_Work request_
Retype only the lines below from the one with "The Constant Vital" to the one with "If you want", inclusive, skipping every image.
───── Data to examine
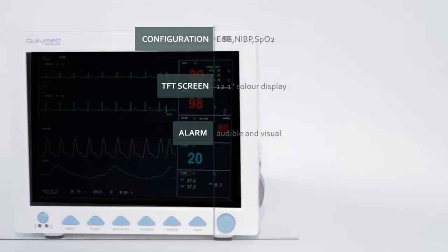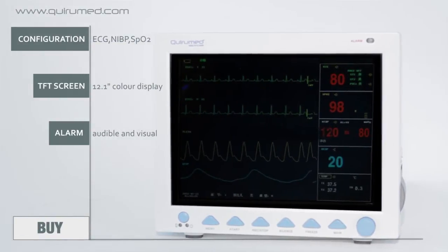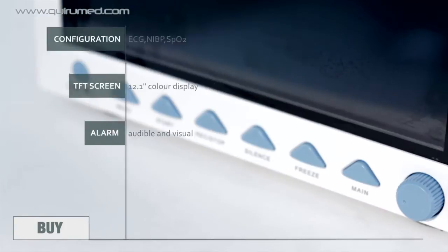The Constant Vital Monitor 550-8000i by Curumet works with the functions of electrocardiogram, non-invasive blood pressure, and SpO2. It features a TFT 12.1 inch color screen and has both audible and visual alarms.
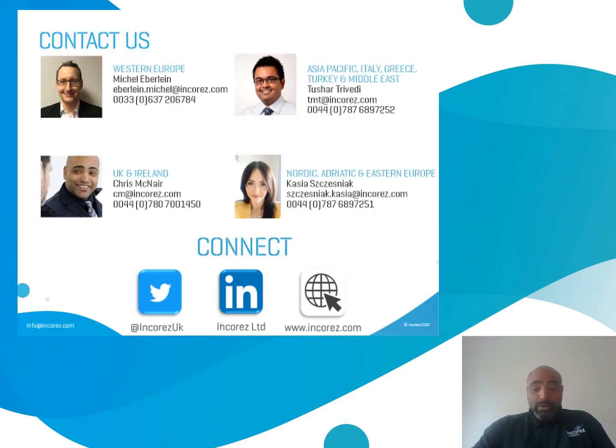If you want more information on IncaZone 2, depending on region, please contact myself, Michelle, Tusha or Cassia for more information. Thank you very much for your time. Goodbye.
──────────
───── Data to examine
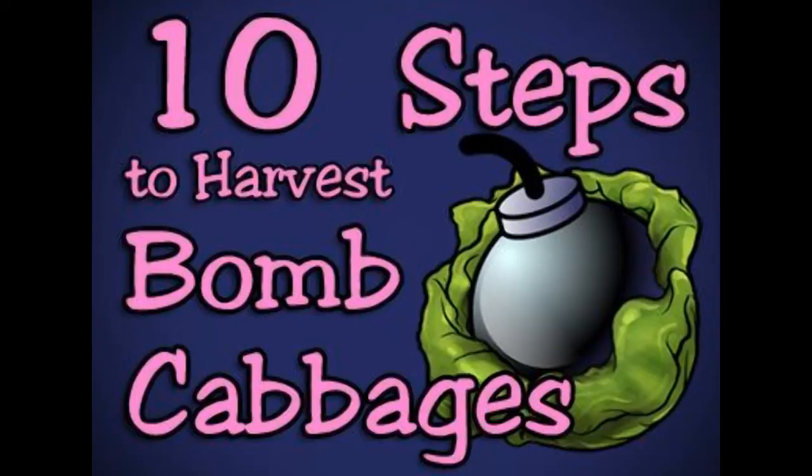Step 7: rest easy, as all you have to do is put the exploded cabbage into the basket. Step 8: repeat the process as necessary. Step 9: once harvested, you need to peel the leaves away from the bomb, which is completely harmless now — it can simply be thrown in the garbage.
──────────
_Solution for this problem_
The Constant Vital Monitor 550-8000i by Curumet works with the functions of electrocardiogram, non-invasive blood pressure, and SpO2. It features a TFT 12.1 inch color screen and has both audible and visual alarms.
If you want more information on IncaZone 2, depending on region, please contact myself, Michelle, Tusha or Cassia for more information. Thank you very much for your time. Goodbye.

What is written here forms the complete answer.